Я не стал воротить нос, напротив: с благодарностью, взял мясо и сварил для моей бедной Нелли бульона. Не знаю, спала она или же лишилась чувств, но я разбудил ее, приподнял на кровати и накормил с ложечки, и в глазах моей любимой забрезжил свет, а на губах – слабая тень улыбки. Доев, она произнесла простодушную молитву и уснула с ребенком на груди. Я сидел у огня и слушал колокола, когда их звон доносился до моего дома с порывом ветра. Я страстно, томительно желал второго пришествия Христа, о котором мне толковала Нелли. Мир казался жестоким, суровым и грубым, слишком грубым, и я молился о возможности вцепиться в подол его одежд и перенестись из сурового края, где я терял силы и истекал кровью, где некому было меня пожалеть или протянуть мне руку помощи, кроме старика Ионы, мытаря и грешника. Тогда я мог думать лишь о себе и своих невзгодах, как зачастую бывает с теми, кому довелось испытать страдания. Когда я перебирал в уме свои обиды и горести, мое сердце горело ненавистью к Дику Джексону, и подобно тому, как вверх и вниз раскачивались колокола, росли и таяли мои надежды, что в те непостижимые дни, предвестником и напоминанием о которых служил этот звон, Дик Джексон окажется стерт с лица земли. Я взял Библию Нелли и обратился не к милостивой истории о рождении Спасителя, а к записям стародавних времен, когда евреи так жестоко мстили своим врагам. Я мнил себя пророком Самуилом. Дик Джексон был фараон, царь Агаг, питавший тщетные надежды на то, что горечь погибели его миновала, – короче говоря, побежденный враг, над которым я в итоге торжествовал. Я держал Библию – ту самую, что заключала слова нашего Спасителя на кресте, – однако речи его казались мне смутными и неясными, как узкая тропинка в неверном свете звезд. Зато истории Ветхого Завета представали во всем своем величии, окрашенные в кроваво-красные тона заката. Постепенно ночь сменилась днем, и вокруг начали раздаваться писклявые детские голоса, распевавшие рождественские гимны. Они разбудили мою жену. Услышав, что она зашевелилась, я пошел к ней.

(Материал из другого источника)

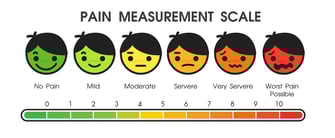 Mood scale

– Нелли, в доме есть деньги и еда. Я отправляюсь в Падихам искать работу, а пока тебе будет на что продержаться.
– Не сегодня, – взмолилась она. – Побудь дома в такой день. Прошу, сходи со мной в церковь, ну хоть разочек!
Дело в том, что я не переступал церковный порог с самого дня свадьбы, хотя Нелли часто звала меня с собой; вот и теперь она взглянула на меня, и с ее губ уже сорвался вздох в ожидании отказа. Но я уступил. Раньше я всегда обходил церковь стороной, потому что не осмеливался войти внутрь, а теперь отчаялся и был готов на что угодно. Если меня и считали безбожником, то за дело: в глубине души я им и был, поскольку все время сворачивал на дурную дорожку. Я решил, что если поиски работы в Падихаме потерпят неудачу, то придется пойти по стопам отца и взять твердой рукой и силой оружия то, в чем мне отказали, когда я добивался этого честным путем. Я собирался уехать из Соули, где надо мной, казалось, висит проклятие; так почему бы не пойти в церковь, не зная, что за странные обряды там совершаются? Я шел туда как грешник, преступный в своем сердце. Нелли опиралась на мою руку, но даже она не могла заставить меня говорить. Я вошел; она нашла мне место, указала на молитвенник и посмотрела прямо в глаза своим взглядом, светлым от веры и радости. Но я видел только Ричарда Джексона. Слышал лишь его громкий гнусавый голос, которым он повторял за священником, оскверняя святые слова. Он был в пиджаке из лучшего сукна. Я – в своей фланелевой куртке. Он был преуспевающим и веселым. Я – голодным и отчаявшимся. Увидев выражение моего лица, Нелли побледнела и принялась молиться, и тем горячее, чем больше думала о том, как дьявол искушает меня даже в этот самый момент.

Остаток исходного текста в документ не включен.